In Bodies in Dissent Daphne A. Brooks argues that from the
mid-nineteenth century to the early twentieth, black transatlantic
activists, actors, singers, and other entertainers frequently
transformed the alienating conditions of social and political
marginalization into modes of self-actualization through
performance. Brooks considers the work of African American, Anglo,
and racially ambiguous performers in a range of popular
entertainment, including racial melodrama, spectacular theatre,
moving panorama exhibitions, Pan-Africanist musicals, Victorian
magic shows, religious and secular song, spiritualism, and dance.

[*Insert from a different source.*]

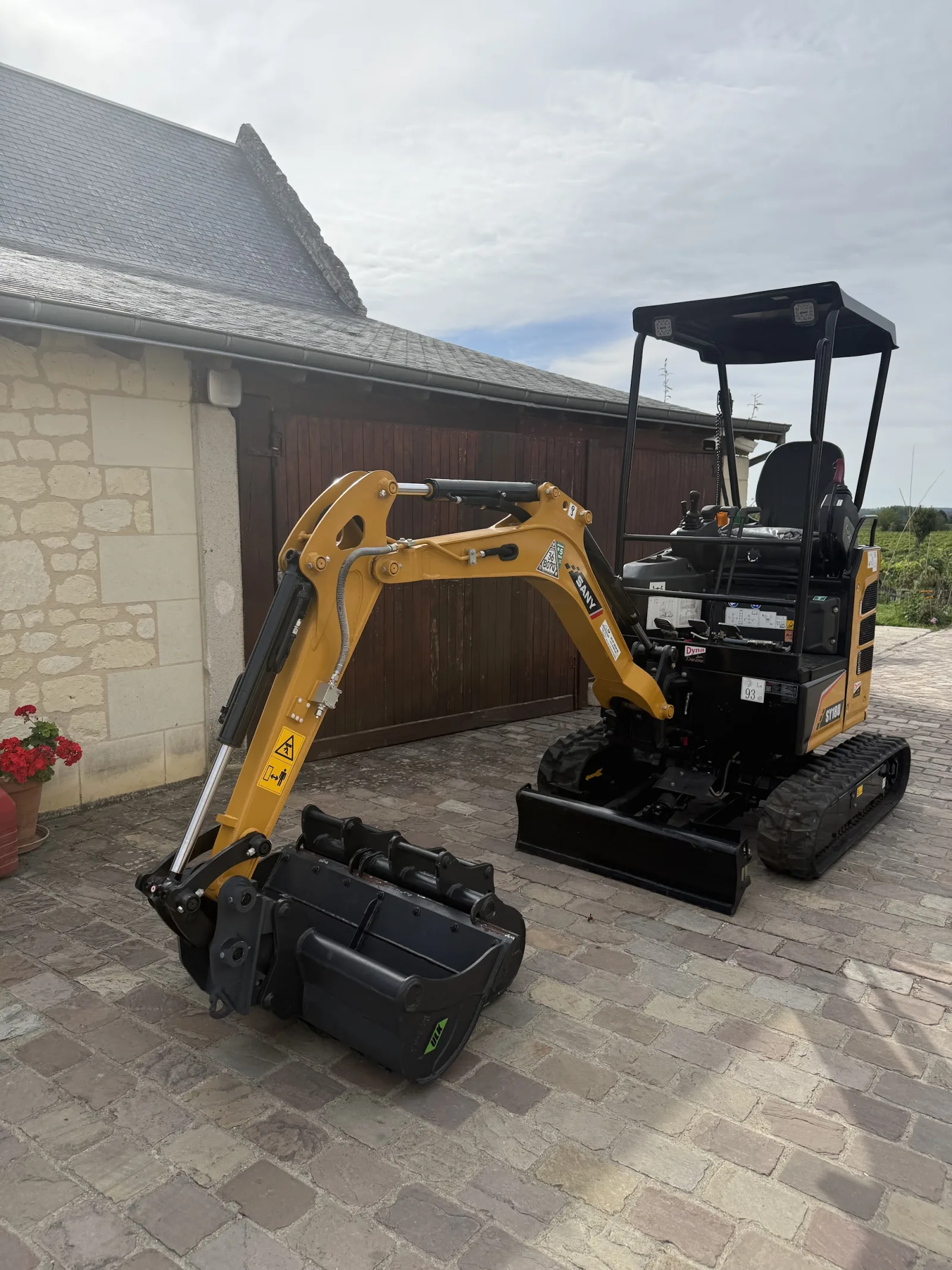 🚜 Nouvelle livraison à Chinon (37) ! 🍇 — LIVRAISON SANY SY18U - mini pelle — à CHINON, Indre-et-Loire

She describes how these entertainers experimented with different
ways of presenting their bodies in public-through dress, movement,
and theatrical technologies-to defamiliarize the spectacle of
"blackness" in the transatlantic imaginary.Brooks pieces together
reviews, letters, playbills, fiction, and biography in order to
reconstruct not only the contexts of African American performance
but also the reception of the stagings of "bodily insurgency" which
she examines. Throughout the book, she juxtaposes unlikely texts
and entertainers in order to illuminate the complicated
transatlantic cultural landscape in which black performers
intervened. She places Adah Isaacs Menken, a star of spectacular
theatre, next to Sojourner Truth, showing how both used similar
strategies of physical gesture to complicate one-dimensional
notions of race and gender. She also considers Henry Box Brown's
public re-enactments of his escape from slavery, the Pan-Africanist
discourse of Bert Williams's and George Walker's musical In Dahomey
(1902-04), and the relationship between gender politics,
performance, and New Negro activism in the fiction of the novelist
and playwright Pauline Hopkins and the postbellum stage work of the
cakewalk dancer and choreographer Aida Overton Walker. Highlighting
the integral connections between performance and the construction
of racial identities, Brooks provides a nuanced understanding of
the vitality, complexity, and influence of black performance in the
United States and throughout the black Atlantic.